Une jeune femme vêtue de rouge, courant au ralenti vers l'objectif de la caméra, une forêt inquiétante derrière elle et Love Hurts de Z Berg en fond sonore. Cette image précise (qui ouvre d'ailleurs le long-métrage), c'est également celle qui est venue s'emparer de l'esprit de J.T. Mollner à l'issue d'un rêve. Une scène tellement obsédante que cela l'a poussé à imaginer le fil des événements ayant conduit cette femme dans cette situation, lui fournissant la matière première de son film. Un processus créatif qui, ironiquement, s'applique également au ressenti du spectateur devant ce Strange Darling, présenté comme une journée dans la vie amoureuse d'un tueur en série découpée en six chapitres.

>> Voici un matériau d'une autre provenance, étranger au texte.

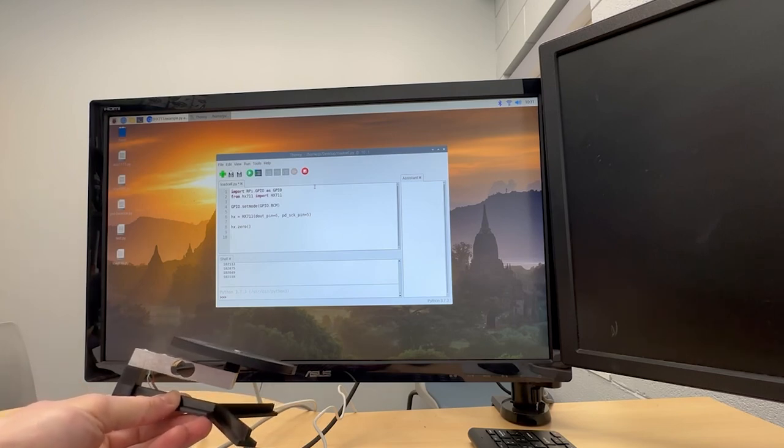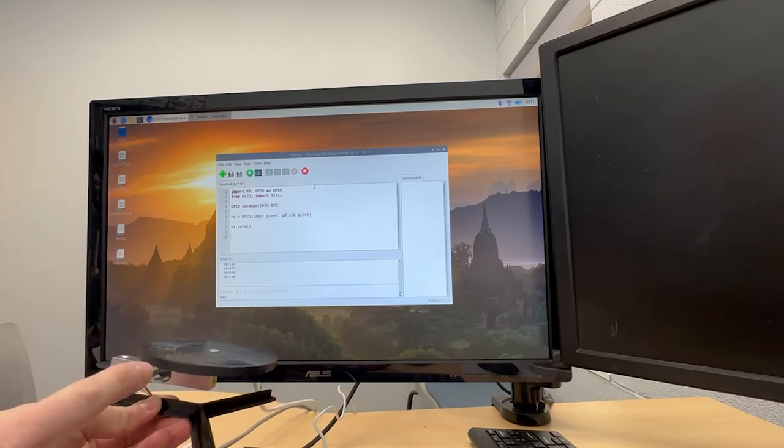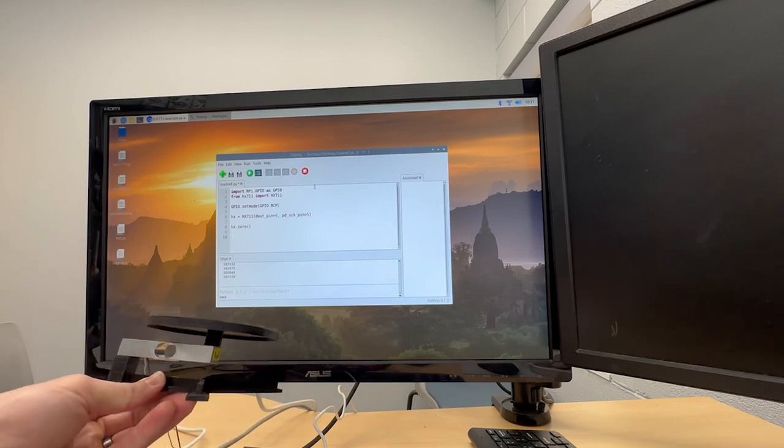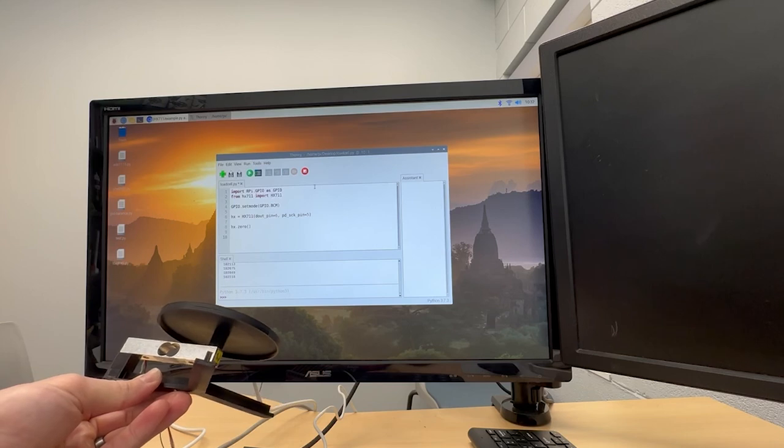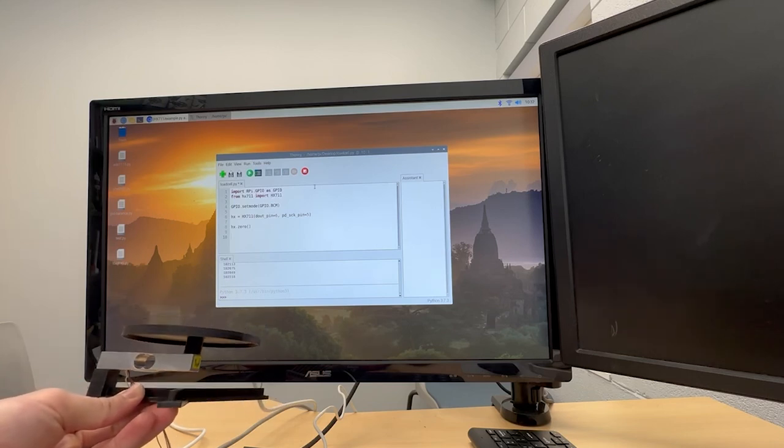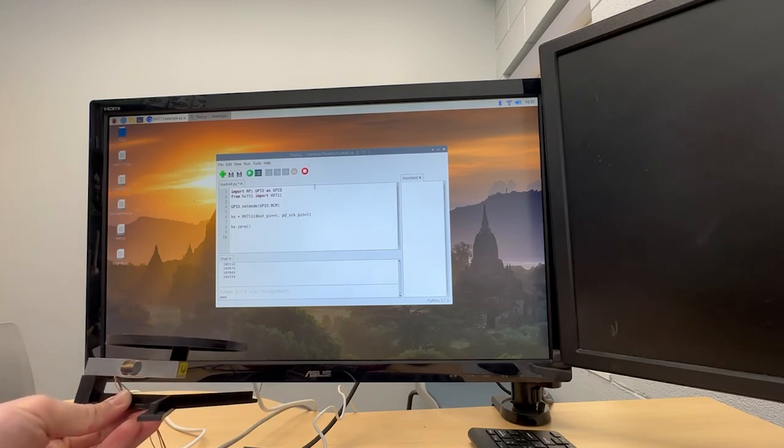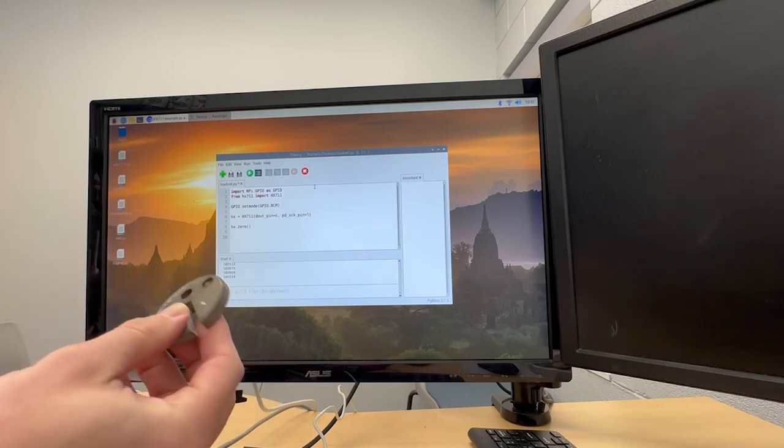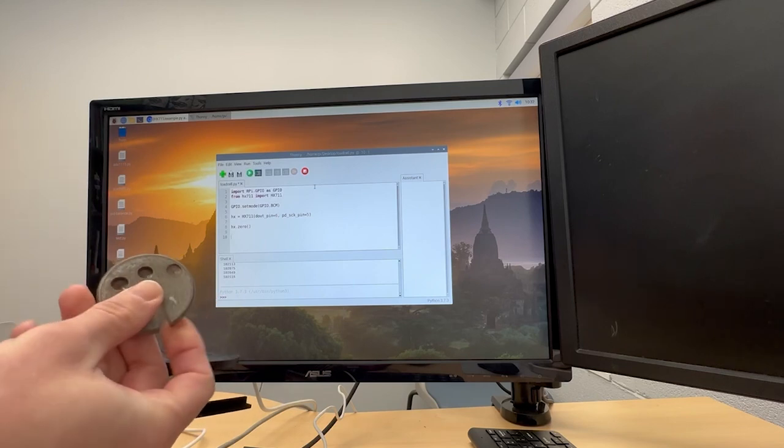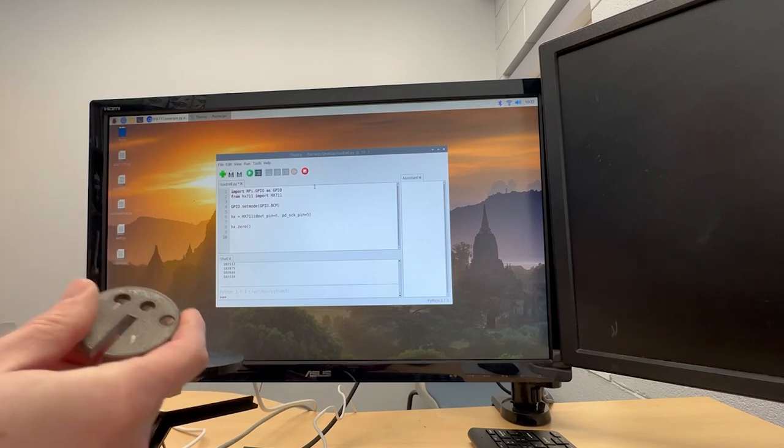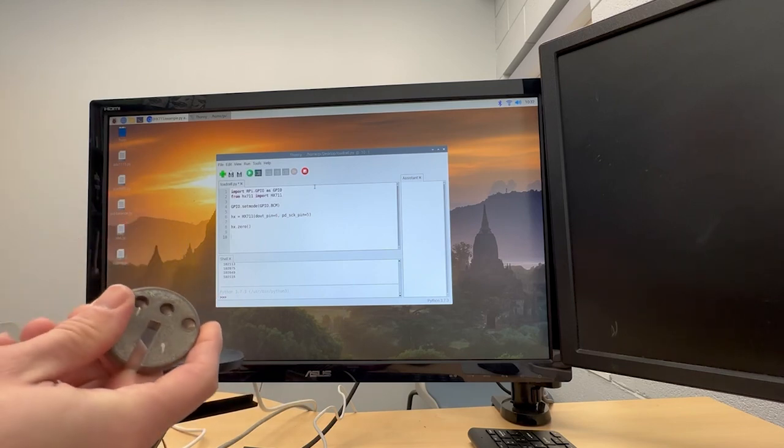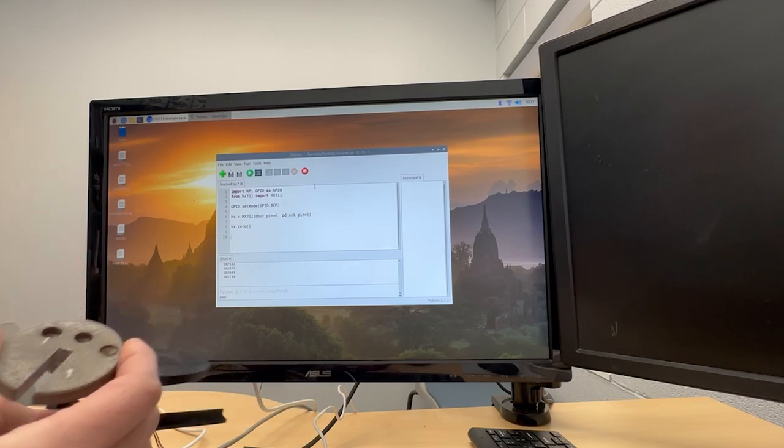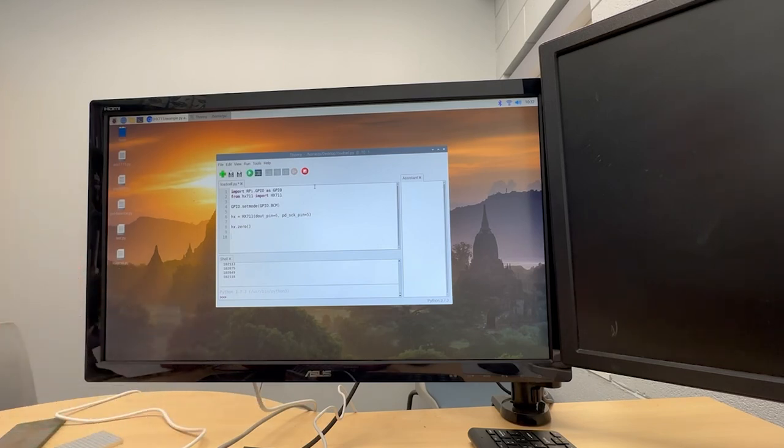And we have the load cell attached here, we have the spot where we put the weights on, and then we have some sort of base. And then I will be using this 100 gram, or roughly 100 gram, weight to calibrate it. So we have those two, so I'm going to set those aside right now.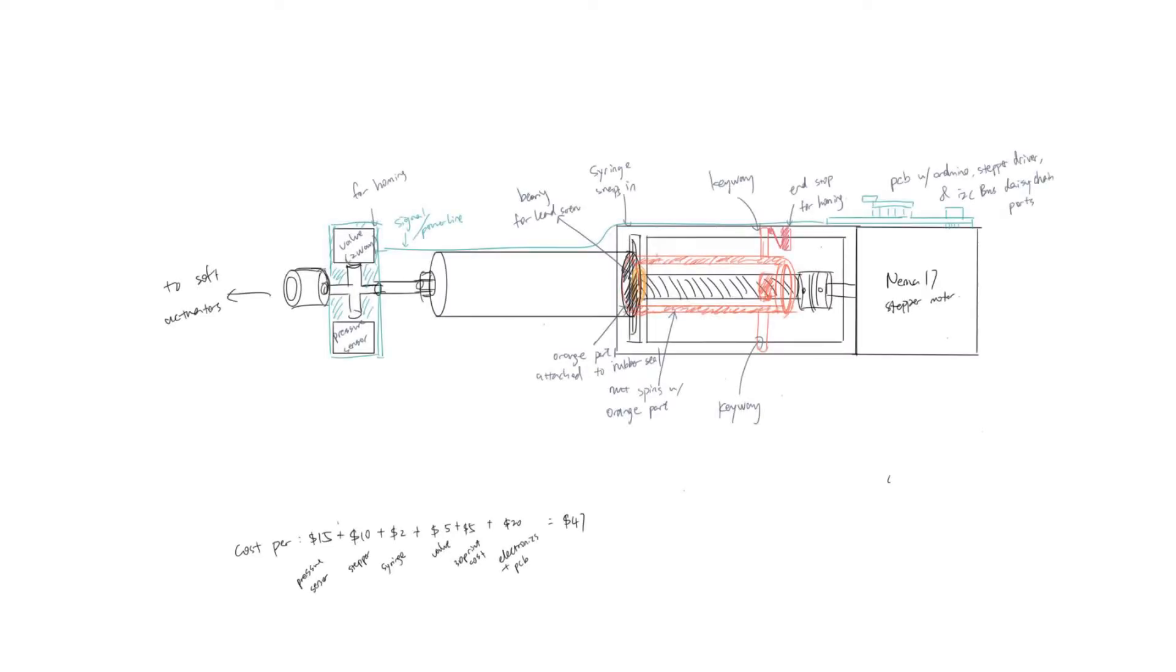My proposed design idea contains a motor at the back which drives the lead screw and pushes the piston of a plastic syringe back and forth.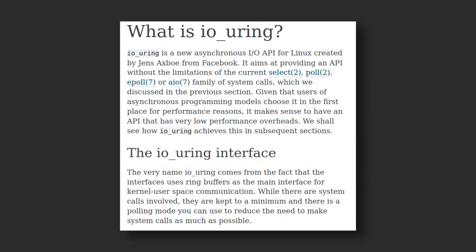Well, I could repeat that it's a high-performance, fully asynchronous I/O kernel API, but that doesn't explain much.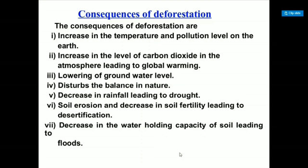Carbon dioxide is used by plants to prepare their food. When there is deforestation and plants are not there, this carbon dioxide is not used, so it increases the level of global warming.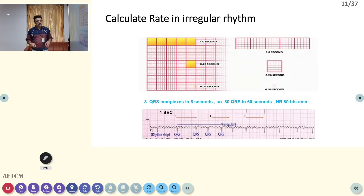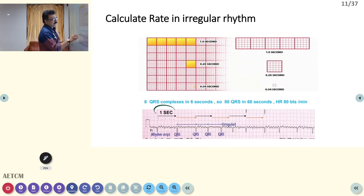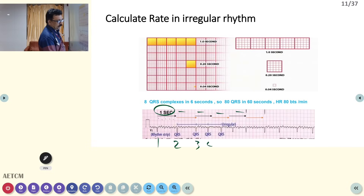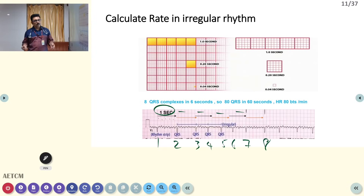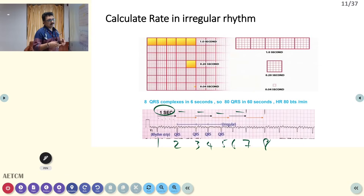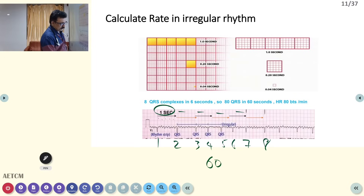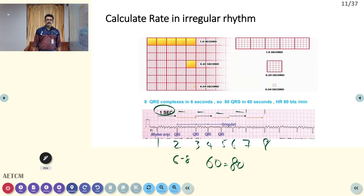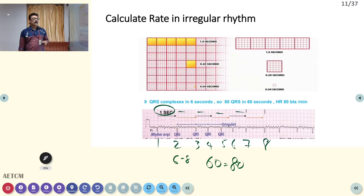For an irregular rhythm, count the number of large squares for 6 seconds (30 big squares), then count how many QRS complexes occur in that 6-second strip. For example, if 8 QRS complexes occur in 6 seconds, multiply by 10 to get 80 beats per minute. This ECG is of atrial fibrillation. Most modern ECGs print the rate and rhythm directly on the paper.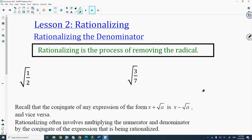This video is going to be Lesson 2 of Pre-Calculus, and Lesson 2 is Rationalizing. Rationalizing was first introduced in Math 20-1, and what rationalizing is — it's the process of removing a radical.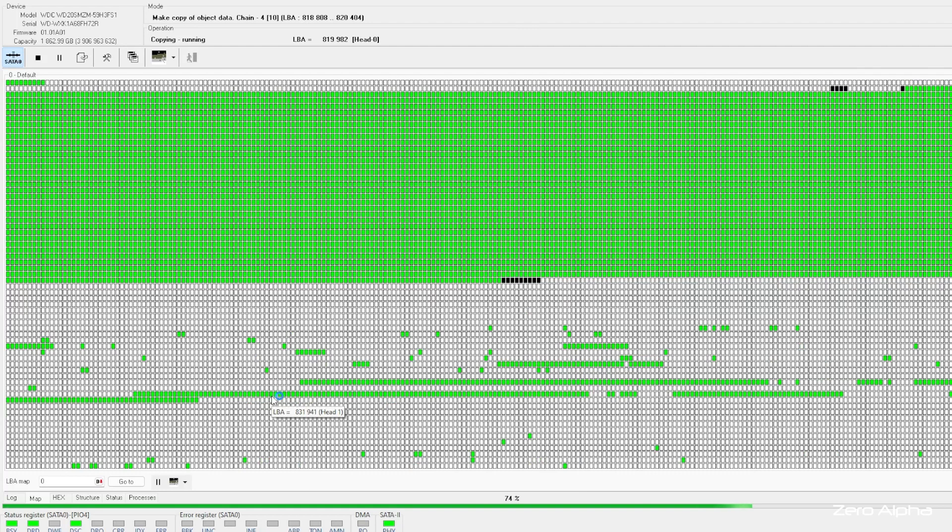So we're just doing a scan of the Windows master file table. This is where all the files and folders are. It's an NTFS database that's hidden from the user.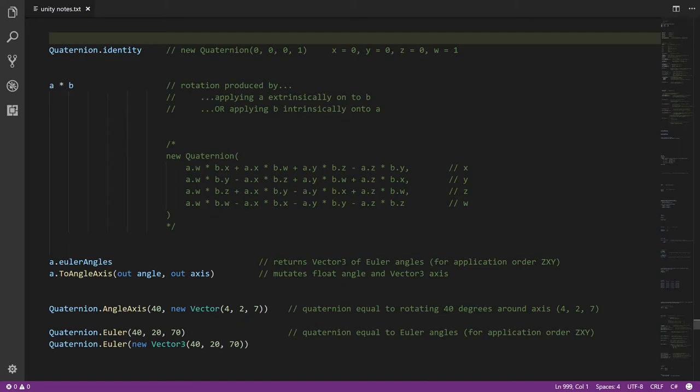In the Unity API, we have a Quaternion class because that's how internally all rotations are represented. We don't have an Euler angle class or an axis-angle class — instead we just have quaternions. But the Quaternion class has methods for converting to and from those formats. First off, we have in Quaternion a static property called identity, which is simply the quaternion value where x, y, and z are zero and w is one — effectively the identity rotation, the rotation which is no rotation at all.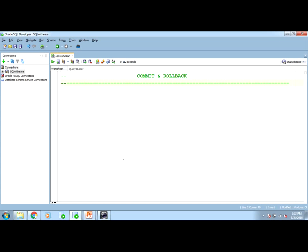Today I will explain commit and rollback commands in SQL. I would request you to please watch this video till end because these basic concepts are the first one to be asked in interviews. Commit is equivalent to save and rollback is equivalent to undo.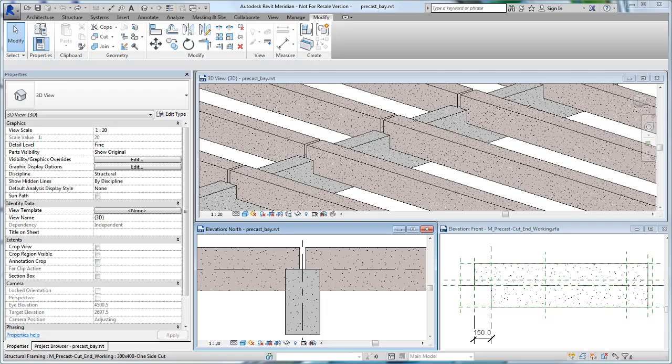While Revit framing elements have clear and predictable modeling behaviors, you may find it beneficial to modify the default behaviors to respond differently to joined elements in certain situations.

Car si on s'interroge initialement sur l'utilité du chapitrage d'une histoire à priori on ne peut plus conventionnelle (un psychopathe poursuivant sa proie), sans parler du déroulé non-chronologique (le film commençant par le chapitre 3), au point de redouter le film de petit malin cherchant à camoufler sa vacuité par des effets de manche grossiers, ce choix de montage s'avère rapidement être un petit coup de génie, transformant un canevas classique en un thriller diaboliquement retors et imprévisible. Chaque changement de chapitre est ainsi une nouvelle occasion pour le réalisateur de retourner comme une crêpe toutes les certitudes que nous pensions acquises. Une ambiguïté bien servie par les deux acteurs principaux (Kyle Gallner en prédateur sadique et inquiétant, Willa Fitzgerald en victime peut-être moins facile à cerner qu'au premier abord), ainsi que par la photographie de Giovanni Ribisi, dont l'accentuation des couleurs procure un côté légèrement fantaisiste, voire franchement décalé lors des ruptures de ton cartoonesques que le film s'autorise à de nombreuses reprises (dont une scène gastronomique dans un chalet ayant visiblement déjà acquis le titre de petit-déjeuner le plus gerbant de l'année).
L'exemple même de l'exercice de style jouissif, intelligemment poussé dans ses retranchements.